A Hattha Kaksekar Limited branch in Phnom Penh's Chamkar Mon district (Siv Channa/The Cambodia Daily)
A Hattha Kaksekar Limited branch in Phnom Penh’s Chamkar Mon district
(Siv Channa/The Cambodia Daily)

Hout Ieng Tong, HKL’s president and CEO, said his MFI had indeed entered into agreement with Krungsri, and claimed HKL’s structure and operations would not change. As of last month, the MFI had $363 million in outstanding loans and more than 110,000 active borrowers.

“There will not be any change. The structure will be the same. The management team will be the same,” Mr. Ieng Tong said. “We stick to our same clients, the same operations, the same vision and mission.”

While local media reported on Thursday that Mr. Ieng Tong had placed a value of $140 million to $150 million on the deal, the executive said he gave no such figures, and that it was too soon to release any numbers, as the sale was not yet finalized.

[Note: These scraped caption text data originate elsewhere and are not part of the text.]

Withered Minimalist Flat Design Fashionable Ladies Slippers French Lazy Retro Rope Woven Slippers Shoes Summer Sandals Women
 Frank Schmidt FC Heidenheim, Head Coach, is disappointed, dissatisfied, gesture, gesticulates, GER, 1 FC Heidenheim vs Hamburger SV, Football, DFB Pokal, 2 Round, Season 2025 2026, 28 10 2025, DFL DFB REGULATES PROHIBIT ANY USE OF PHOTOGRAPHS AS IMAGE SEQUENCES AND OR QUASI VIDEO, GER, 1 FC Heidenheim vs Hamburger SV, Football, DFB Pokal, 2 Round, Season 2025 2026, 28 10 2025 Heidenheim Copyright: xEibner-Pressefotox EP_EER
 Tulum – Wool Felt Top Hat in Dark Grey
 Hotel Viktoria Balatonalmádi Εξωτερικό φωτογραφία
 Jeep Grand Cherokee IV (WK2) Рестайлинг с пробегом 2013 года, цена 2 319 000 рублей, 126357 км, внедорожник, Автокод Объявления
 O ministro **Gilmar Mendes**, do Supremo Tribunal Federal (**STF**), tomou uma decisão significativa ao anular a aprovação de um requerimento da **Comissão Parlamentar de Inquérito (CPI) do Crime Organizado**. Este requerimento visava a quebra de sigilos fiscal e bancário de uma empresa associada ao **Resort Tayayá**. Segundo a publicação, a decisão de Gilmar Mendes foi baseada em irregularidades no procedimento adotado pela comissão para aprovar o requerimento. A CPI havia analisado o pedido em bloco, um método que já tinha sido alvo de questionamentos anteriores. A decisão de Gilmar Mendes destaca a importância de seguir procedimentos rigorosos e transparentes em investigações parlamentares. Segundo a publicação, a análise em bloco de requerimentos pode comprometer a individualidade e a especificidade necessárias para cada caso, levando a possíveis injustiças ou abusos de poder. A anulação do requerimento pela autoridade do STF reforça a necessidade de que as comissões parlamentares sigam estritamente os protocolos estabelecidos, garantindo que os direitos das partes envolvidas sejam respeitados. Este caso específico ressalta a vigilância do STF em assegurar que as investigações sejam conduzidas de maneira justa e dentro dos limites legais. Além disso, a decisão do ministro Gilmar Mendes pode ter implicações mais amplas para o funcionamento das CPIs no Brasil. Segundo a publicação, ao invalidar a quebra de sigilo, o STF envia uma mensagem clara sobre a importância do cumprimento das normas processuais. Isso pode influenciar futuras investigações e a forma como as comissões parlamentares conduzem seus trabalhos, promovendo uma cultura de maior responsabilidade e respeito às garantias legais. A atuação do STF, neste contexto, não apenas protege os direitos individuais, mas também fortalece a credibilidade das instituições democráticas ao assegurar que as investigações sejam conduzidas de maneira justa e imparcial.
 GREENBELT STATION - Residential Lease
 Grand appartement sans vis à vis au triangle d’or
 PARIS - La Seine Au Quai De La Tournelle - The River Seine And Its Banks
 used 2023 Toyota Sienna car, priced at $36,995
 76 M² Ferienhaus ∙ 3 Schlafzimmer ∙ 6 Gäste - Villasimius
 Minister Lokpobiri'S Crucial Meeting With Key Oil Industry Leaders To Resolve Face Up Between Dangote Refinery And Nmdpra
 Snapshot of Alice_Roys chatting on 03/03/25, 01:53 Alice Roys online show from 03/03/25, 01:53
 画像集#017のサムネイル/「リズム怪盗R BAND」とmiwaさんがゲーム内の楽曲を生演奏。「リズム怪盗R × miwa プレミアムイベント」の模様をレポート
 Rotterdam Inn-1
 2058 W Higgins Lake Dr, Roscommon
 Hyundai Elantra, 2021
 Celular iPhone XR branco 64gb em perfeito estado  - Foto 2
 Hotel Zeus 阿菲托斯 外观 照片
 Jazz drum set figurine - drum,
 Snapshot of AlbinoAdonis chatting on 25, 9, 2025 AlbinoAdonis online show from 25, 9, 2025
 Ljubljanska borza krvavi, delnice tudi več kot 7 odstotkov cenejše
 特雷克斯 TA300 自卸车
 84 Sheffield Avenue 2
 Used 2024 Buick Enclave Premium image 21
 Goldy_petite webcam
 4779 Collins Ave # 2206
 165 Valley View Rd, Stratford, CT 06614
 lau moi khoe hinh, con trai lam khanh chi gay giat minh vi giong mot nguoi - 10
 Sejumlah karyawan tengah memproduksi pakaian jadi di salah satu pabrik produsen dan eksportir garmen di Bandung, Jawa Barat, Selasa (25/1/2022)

He added that while the “original idea” was for HKL to transition into a full commercial bank, with new shareholders coming aboard, it would remain a “microfinance service provider” for the time being; he said that no applications had been made with the National Bank of Cambodia for a change in its status.

While stressing that HKL would not be undergoing any change, Mr. Ieng Tong said the buyout by Krungsri would allow the MFI to offer a wider range of loan products and services.

This would include “SME [small and medium-sized enterprises] lending, leasing, consumer lending, housing loans and Internet banking, mobile banking,” he said, attributing the greater offerings to both increased capital injections from Krungsri and the Thai bank’s “expertise.”

Grant Knuckey, CEO of ANZ Royal, said the buyout revealed one way Cambodia’s best-performing MFIs could grow beyond their current capabilities.

“If you could read any sector-wide theme coming out of it, it’s that for the biggest MFIs to continue to expand, they will need fresh capital, fresh investment, and technology,” he said. “One of the ways to do that is to bring new equity in and HKL has done that.”

Mr. Knuckey said that the space between the microfinance sector’s top firms and the country’s commercial banking sector was becoming increasingly narrow.

“The customer base at the top-end of the MFI sector is now quite broad, and their average loan size is starting to close in on the smaller commercial banks,” he said, adding that he believed this to be “quite a deliberate strategy” by the MFIs.